Exercise goal
Look below and pull out each line with the word "Black".

━━━━━ Data to process ━━━━━

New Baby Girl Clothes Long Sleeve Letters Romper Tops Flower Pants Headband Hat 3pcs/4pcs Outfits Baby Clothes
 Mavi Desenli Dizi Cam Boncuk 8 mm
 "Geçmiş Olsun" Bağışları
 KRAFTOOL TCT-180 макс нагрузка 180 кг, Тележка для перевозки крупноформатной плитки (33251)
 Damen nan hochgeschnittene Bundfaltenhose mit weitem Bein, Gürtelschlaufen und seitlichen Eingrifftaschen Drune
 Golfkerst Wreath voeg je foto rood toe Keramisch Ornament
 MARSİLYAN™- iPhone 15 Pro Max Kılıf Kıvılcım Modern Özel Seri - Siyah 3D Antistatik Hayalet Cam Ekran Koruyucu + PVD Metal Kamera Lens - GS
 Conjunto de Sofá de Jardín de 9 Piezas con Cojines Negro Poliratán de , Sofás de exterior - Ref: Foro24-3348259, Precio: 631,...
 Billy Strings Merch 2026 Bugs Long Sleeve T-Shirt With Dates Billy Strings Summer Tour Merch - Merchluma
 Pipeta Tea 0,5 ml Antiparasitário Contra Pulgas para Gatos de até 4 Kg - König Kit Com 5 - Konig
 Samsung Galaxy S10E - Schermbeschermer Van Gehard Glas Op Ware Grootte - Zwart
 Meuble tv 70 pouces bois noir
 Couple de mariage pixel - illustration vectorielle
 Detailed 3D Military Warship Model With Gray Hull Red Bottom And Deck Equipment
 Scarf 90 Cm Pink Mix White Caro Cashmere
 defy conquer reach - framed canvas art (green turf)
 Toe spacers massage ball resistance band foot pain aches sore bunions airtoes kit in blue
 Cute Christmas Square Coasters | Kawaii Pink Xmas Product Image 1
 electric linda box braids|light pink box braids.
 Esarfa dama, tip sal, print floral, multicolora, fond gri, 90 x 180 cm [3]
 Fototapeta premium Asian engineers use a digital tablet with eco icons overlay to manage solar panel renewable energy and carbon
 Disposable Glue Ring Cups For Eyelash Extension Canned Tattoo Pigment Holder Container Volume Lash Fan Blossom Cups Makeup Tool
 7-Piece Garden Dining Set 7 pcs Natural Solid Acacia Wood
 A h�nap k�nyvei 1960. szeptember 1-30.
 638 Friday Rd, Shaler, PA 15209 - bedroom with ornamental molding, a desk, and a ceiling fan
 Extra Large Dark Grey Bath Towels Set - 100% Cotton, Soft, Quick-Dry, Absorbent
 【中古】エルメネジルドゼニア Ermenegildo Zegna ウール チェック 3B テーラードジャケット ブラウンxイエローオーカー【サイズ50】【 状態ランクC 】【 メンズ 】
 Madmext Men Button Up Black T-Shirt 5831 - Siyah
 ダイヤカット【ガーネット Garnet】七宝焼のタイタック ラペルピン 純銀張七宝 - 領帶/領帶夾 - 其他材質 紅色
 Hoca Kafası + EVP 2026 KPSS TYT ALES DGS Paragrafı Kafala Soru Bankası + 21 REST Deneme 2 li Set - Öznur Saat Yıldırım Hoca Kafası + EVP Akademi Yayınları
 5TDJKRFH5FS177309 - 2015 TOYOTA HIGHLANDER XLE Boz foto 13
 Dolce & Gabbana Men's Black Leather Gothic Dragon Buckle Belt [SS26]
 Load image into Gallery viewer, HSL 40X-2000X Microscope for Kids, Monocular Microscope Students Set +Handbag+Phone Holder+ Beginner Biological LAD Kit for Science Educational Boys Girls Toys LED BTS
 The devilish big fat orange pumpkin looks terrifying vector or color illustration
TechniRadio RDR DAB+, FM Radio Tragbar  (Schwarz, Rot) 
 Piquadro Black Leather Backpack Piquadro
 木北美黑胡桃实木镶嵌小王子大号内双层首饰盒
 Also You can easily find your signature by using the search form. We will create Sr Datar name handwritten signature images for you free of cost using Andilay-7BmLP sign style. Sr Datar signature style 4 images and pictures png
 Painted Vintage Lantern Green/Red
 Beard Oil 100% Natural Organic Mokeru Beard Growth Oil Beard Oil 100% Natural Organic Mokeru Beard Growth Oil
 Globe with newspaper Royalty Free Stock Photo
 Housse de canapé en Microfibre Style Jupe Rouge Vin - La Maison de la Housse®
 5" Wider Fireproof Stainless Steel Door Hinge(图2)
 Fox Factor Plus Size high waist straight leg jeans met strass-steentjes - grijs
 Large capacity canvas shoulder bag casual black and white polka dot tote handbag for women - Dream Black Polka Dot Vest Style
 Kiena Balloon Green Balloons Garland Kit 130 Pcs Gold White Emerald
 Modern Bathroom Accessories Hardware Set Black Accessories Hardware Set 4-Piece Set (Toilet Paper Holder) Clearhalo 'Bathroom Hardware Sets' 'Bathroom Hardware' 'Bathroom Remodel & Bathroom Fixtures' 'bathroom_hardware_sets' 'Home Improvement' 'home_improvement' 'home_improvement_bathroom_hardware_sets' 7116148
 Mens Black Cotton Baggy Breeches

━━━━━

Completed exercise
 Madmext Men Button Up Black T-Shirt 5831 - Siyah
 Dolce & Gabbana Men's Black Leather Gothic Dragon Buckle Belt [SS26]
 Piquadro Black Leather Backpack Piquadro
 Large capacity canvas shoulder bag casual black and white polka dot tote handbag for women - Dream Black Polka Dot Vest Style
 Modern Bathroom Accessories Hardware Set Black Accessories Hardware Set 4-Piece Set (Toilet Paper Holder) Clearhalo 'Bathroom Hardware Sets' 'Bathroom Hardware' 'Bathroom Remodel & Bathroom Fixtures' 'bathroom_hardware_sets' 'Home Improvement' 'home_improvement' 'home_improvement_bathroom_hardware_sets' 7116148
 Mens Black Cotton Baggy Breeches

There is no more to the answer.